Aspics have been meal staples for centuries. Gelatin, made from thickened meat broths, are packed with cooked meat inside. Additional herbs and seasonings can be added to the gelatin to enhance the flavor.
It is a decorative way to present a meal. It is a texturally interesting way to present a meal. Most importantly, it was a safe way to preserve a meal for a few hours at room temperature.
Aspics flourished in the United States in the early half of the twentieth century, slowly losing favor from the 1950s forward. Their popularity dwindled proportionately to the availability of convenient refrigeration. Make of that what you will.
The former popularity of aspics meant that many 1960s households had unused gelatin ring molds, though. Well, unused for a little while. The people behind Jell-o brand desert gelatin were pleased to discover that home cooks had shifted to using their ring molds to make dessert gelatin rings, usually with fruit inside.
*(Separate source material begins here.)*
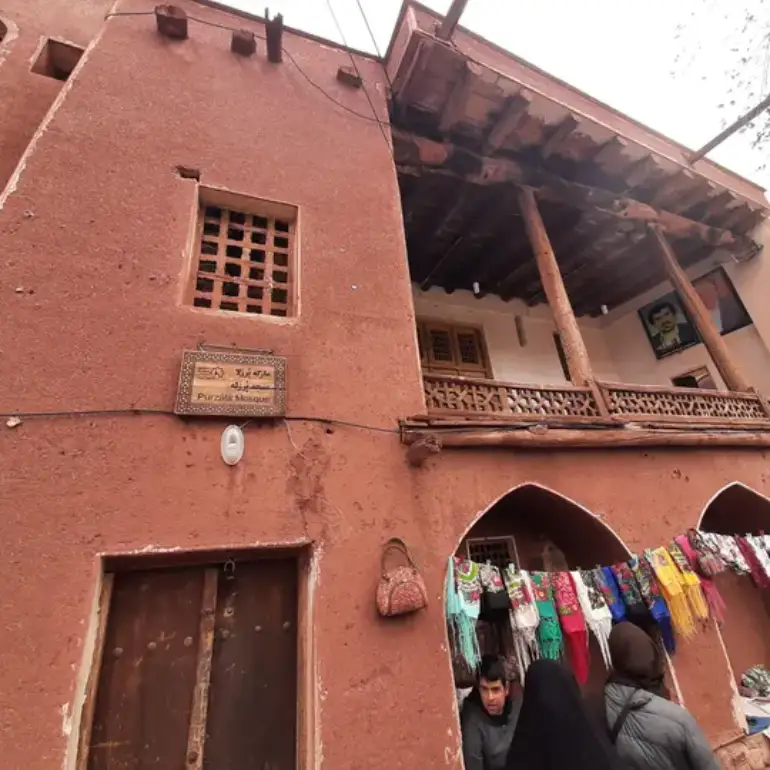 روستای ابیانه؛ گشتی در نگین سرخ کویر ایران 28 بازار ابیانه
That’s when they had their idea. Rather than simply accept that people were making Jello salads, why not market to them?
Jell-o for salads was introduced in the 1960s with such delicious flavors as Celery, Mixed Vegetable, Seasoned Tomato and Italian Salad. It… didn’t last long.
Nor did Cola Jell-o (1942). Nor Coffee Jell-o (1918). Nor Imitation Apple Jell-o (1950s).
Aspics aside, some things just should not be made into gelatin desserts. This is just one more time where I praise the free market system. It allows people with ideas like Celery Jell-o to bring them to store shelves, and allows people to buy the Cherry flavor instead and condemn Celery flavor to an early and well-deserved demise.
Question of the night: What’s your favorite odd candy flavor?